Up to this point, single-day data yielded a false sense of safety or concern, possibly because, as DiMarco noted, of the considerable day-to-day variability of arrhythmia and myocardial ischemia.3 The evanescent nature of arrhythmias was described by Corday, who compared a 10-hour Holter recording with a “conventional ECG”.4 What we have come to know about “normal” has evolved over the years as recording times have increased.
The traditional way to describe “normal” on Holter recordings is to explain the abnormalities encountered. This includes any single or run of ectopic beats, rhythms, and sometimes included an ST-segment analysis or, more rarely, a QT-interval analysis. Judgments were made based on these ectopic counts and waveform descriptions. Additionally, normal healthy subjects might manifest benign arrhythmias not seen in other populations. These confounders make any description of “normal” difficult.

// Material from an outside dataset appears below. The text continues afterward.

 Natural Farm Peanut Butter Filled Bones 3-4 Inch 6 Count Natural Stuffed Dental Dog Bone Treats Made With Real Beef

As technology improved, recording periods were sometimes prolonged to two or three days. Now, technology has advanced even further and recordings can be taken over weeks or months. It is, once again, time to rethink “what we know.”

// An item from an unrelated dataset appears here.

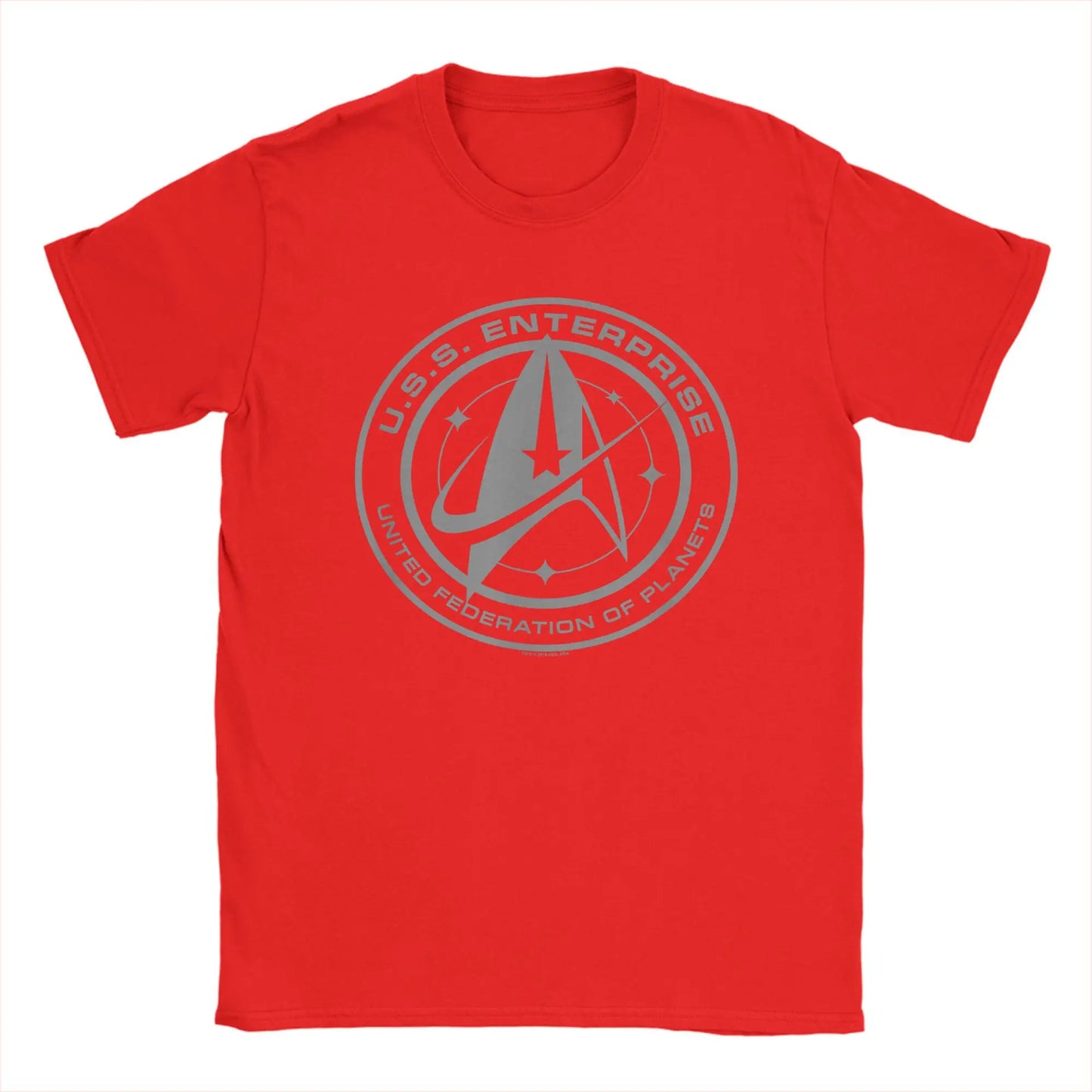 Star Trek Discovery Enterprise Crest T-Shirt for Men. Round Collar 100% Cotton Short Sleeve Tees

One of the challenges for those who write clinical trial protocols is to collect enough data to ensure that evanescent arrhythmias are not considered “drug-related.” This will most likely be done in two ways: 1) over-collection of screening and baseline data, 2) redevelopment of normal ranges.
Due to the expense of clinical trials, cost-cutting has become very important in the drug-development process. The risk of cutting costs is that we collect homogenous data, and infrequent, otherwise unimportant abnormalities might take on an unwarranted significance. Indeed, the goal is to avoid “problematic” data, or data that might be considered an adverse event. An alternative to collecting limited data is to over-collect baseline data. Certainly, if we have 30 days of Holter data at baseline, we might be in a better position to determine a subject’s “normal” profile.
From long-term data sets, new normal ranges can be developed. If it’s known that sinus pause of three seconds or 5-beat runs of VT are not uncommon, perhaps seeing these events in the drug-development process would not be considered an adverse event warranting further, expensive follow-up. The logical extreme is that some good drugs might not be killed in the development process.
To conclude, technology has advanced enough that Holter’s original vision can be expanded to include time as a new variable. As technology changes, so must the prism of our analysis. What we thought was abnormal might now be considered normal or at least a normal variant. We need to collect more robust data to answer these questions.
Timothy Callahan, PhD, is Chief Scientific Officer, Biomedical Systems; Joseph Pierro, MD, is Chief Medical Officer, Biomedical Systems
1. Holter NJ, Generelli JA. Remote Recording of Physiologic Data by Radio. Rocky Mountain Medical Journal. September 1949. 747-751.
2. The Cardiac Arrhythmia Suppression Trial (CAST) Investigators. Preliminary Report: Effect of Encainide and Flecainide on Mortality in a Randomized Trial of Arrhythmia Suppression after Myocardial Infarction. N Engl J Med 1989; 321:406-412.
3. DiMarco JP, Philbrick JT. Use of ambulatory electrocardiographic (Holter) monitoring. Ann Intern Med. 1990 Jul 1;113(1):53-68.
4. Corday E, Bazika V, Lang TW, Pappelbaum S, Gold H, Bernstein H. Detection of Phantom Arrhythmias and Evanescent Electrocardiographic Abnormalities. JAMA 1965: 193(6); 79-83.